The two goons push me into the back of a vehicle with the air-conditioning cranked up. The drive is maybe ten minutes, but it is hard to figure out time when you have no watch and are blindfolded and think you may be headed back to prison for the rest of your life. Still, the ride doesn’t feel long. When the vehicle—I’m up high so it must be some kind of SUV—stops, the goons push me out. There is pavement beneath my feet, and it’s so hot I feel the heat coming up through my shoes. Music is playing. Awful music. Some kind of instrumental country-rock mix, like something a Carnival cruise band would play during the poolside “hairiest chest” contest.
I know I seem glib right now. Oddly enough, that is how I feel. Part of me is crushed, of course, because I failed my son again. Part of me is depressed because I seem headed back to prison or worse. Part of me is scared-yet-curious because I don’t know what the hell I’m doing in the tropics.
But part of me, maybe the biggest part, is—just for this moment—letting it all go.
I hopped on this crazy ride when I broke out of prison, and the ride is going to take me where it takes me. Right now, I don’t control it and I’m accepting that.

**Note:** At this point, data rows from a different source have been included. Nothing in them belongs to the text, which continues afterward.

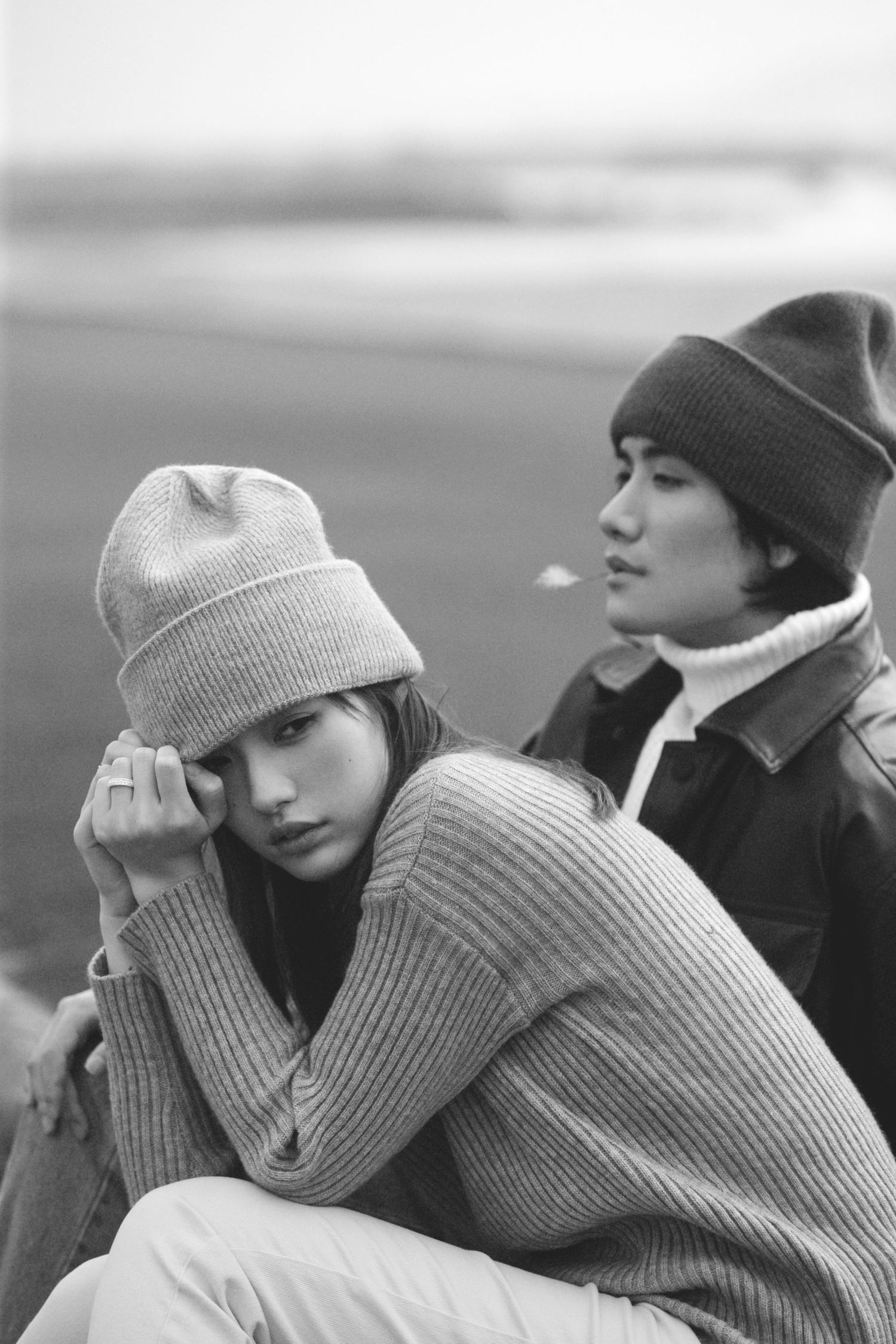 Black and white photo of a young couple in knit beanies and sweaters sitting together near a waterfront.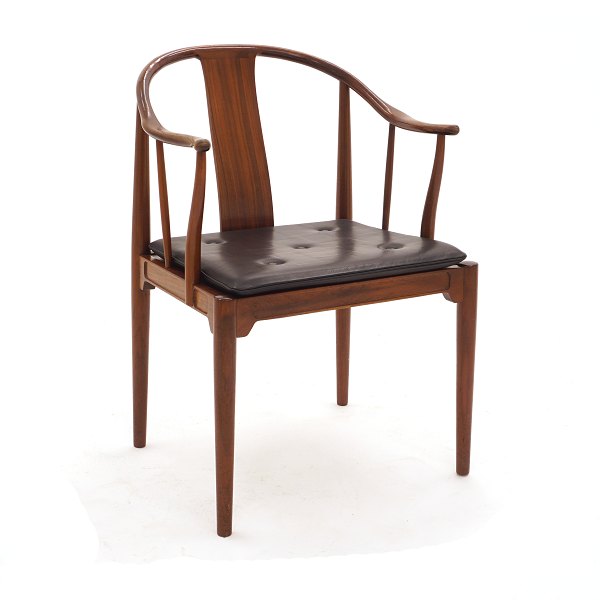 Hans J. Wegner, 1914-2007: Kinastolen i mahogni. Med etiket fra Illums Bolighus. Leveres med ny sort læderhynde. God stand. Armlæn med lettere patinering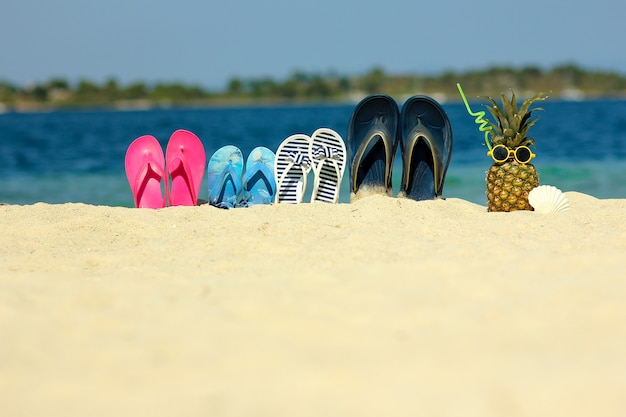 Pantofole per famiglie sulla sabbia in spiaggia in estate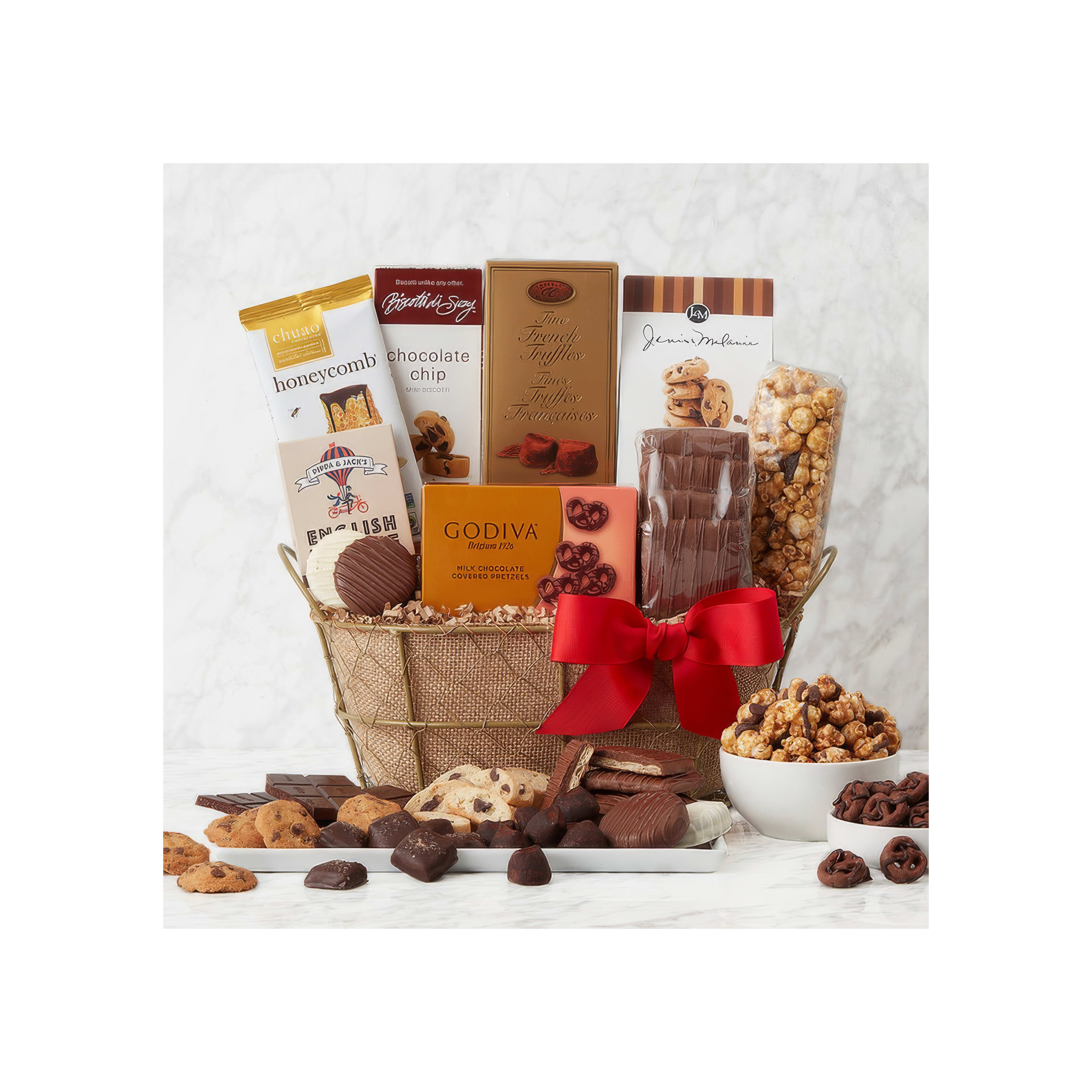 A collection of gourmet sweets displayed beautifully in a woven basket with a red ribbon.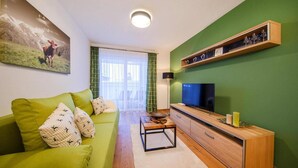 A living room with a green sofa, a TV, a wooden coffee table, and a green wall. - Modern apartment in Neukirchen (Neukirchen am Großvenediger)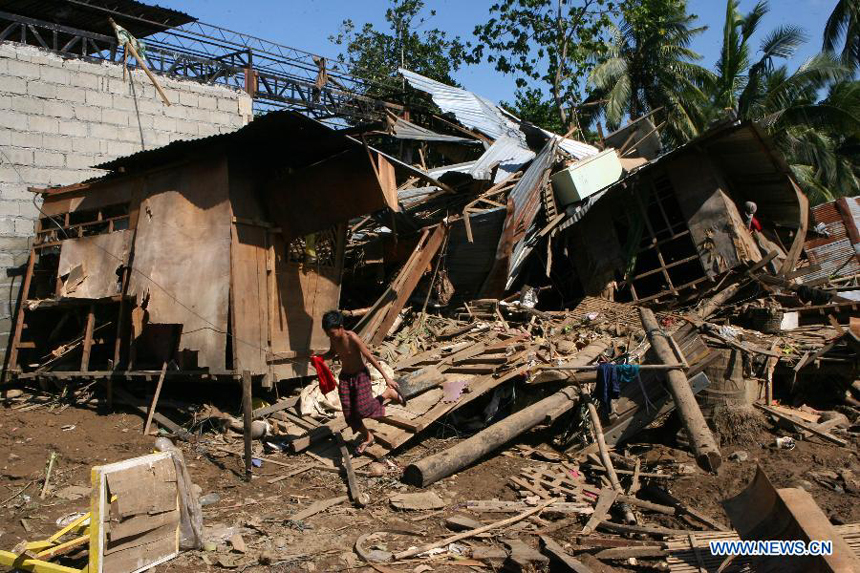 A boy runs from his home that was swept to the roadside after tropical storm Washi triggered flash floods in Cagayan De Oro, the Philippines, on Dec. 19, 2011. The death toll from tropical storm Washi has risen to 632, and hundreds more still missing. 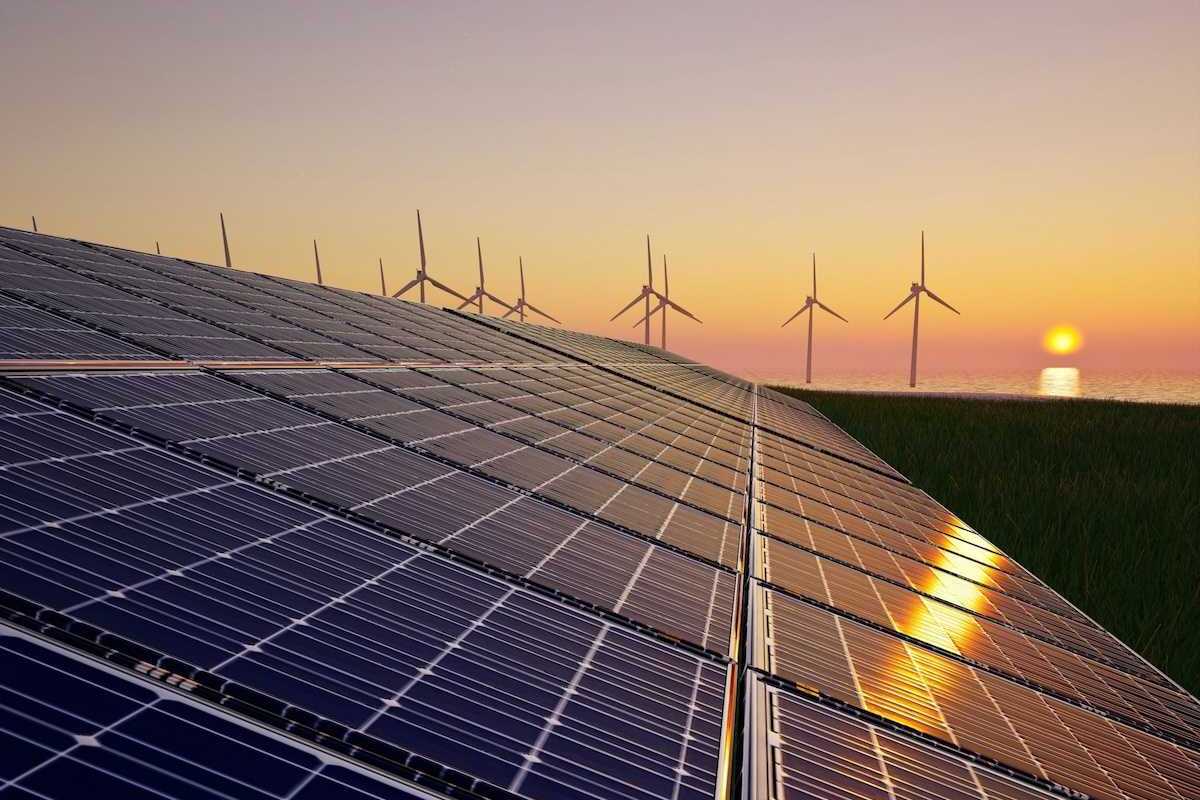 Solar panels and wind turbines against setting sun
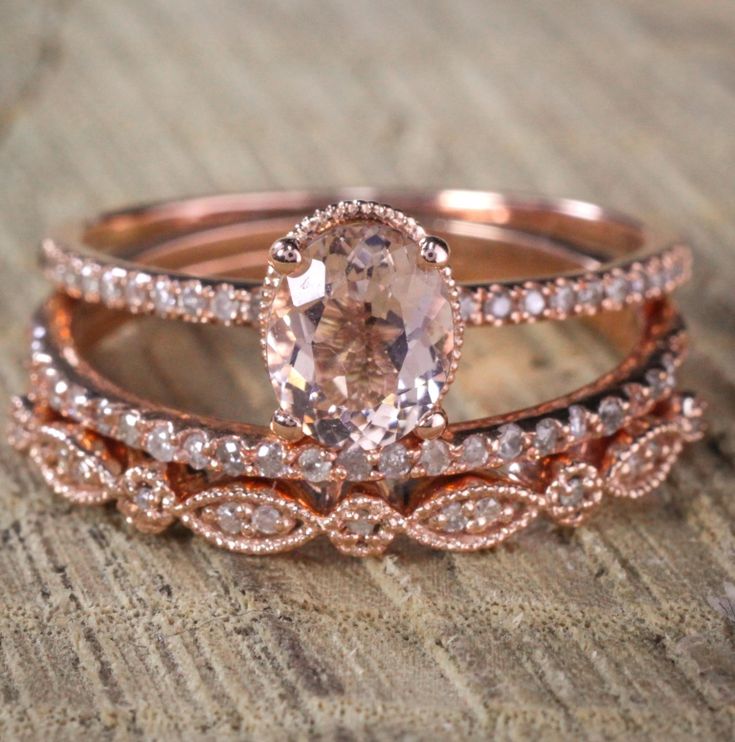 two wedding bands with an oval cut diamond in the center and side stones on each band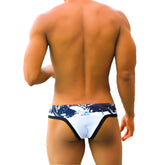Icker sea graffiti macro contrast trim thong swimwear in white and black with a white and navy blue patterned design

I wouldn’t say I’m not concerned. I am just doing a major mental suppression. Maybe it’s a survival instinct. The two goons—well, I assume it’s the same two goons, I’m still blindfolded—take my arms and drag-escort me indoors. They throw me onto a chair. Like the vehicle, this room also mercifully has the air-conditioning set on Hi Frost. I almost ask for a sweatshirt.
Someone grabs my wrist. I feel the pinch before the handcuffs slide off me.
“Don’t fucking move,” Goon One says.
I don’t. As I sit in this non-cushioned chair, I try to plan my next move, but the options before me are so grim my brain won’t let me see the obvious. I’m doomed. I can hear people moving around, at least three or four from the sound of it. I still hear the awful music in the background. It sounds like it’s coming over a loudspeaker.
Then, again without warning, the black bag is pulled off my head. I blink through the sudden onslaught of light and look up. Standing directly in front of me, mere inches from my face, is a wizened old man who looks to be in his eighties. He wears a straw hat and a yellow-green Hawaiian shirt blanked with jumping marlins. Behind him I see the shaved-head goons from the plane. Both have their arms folded across their chests and now wear aviator sunglasses.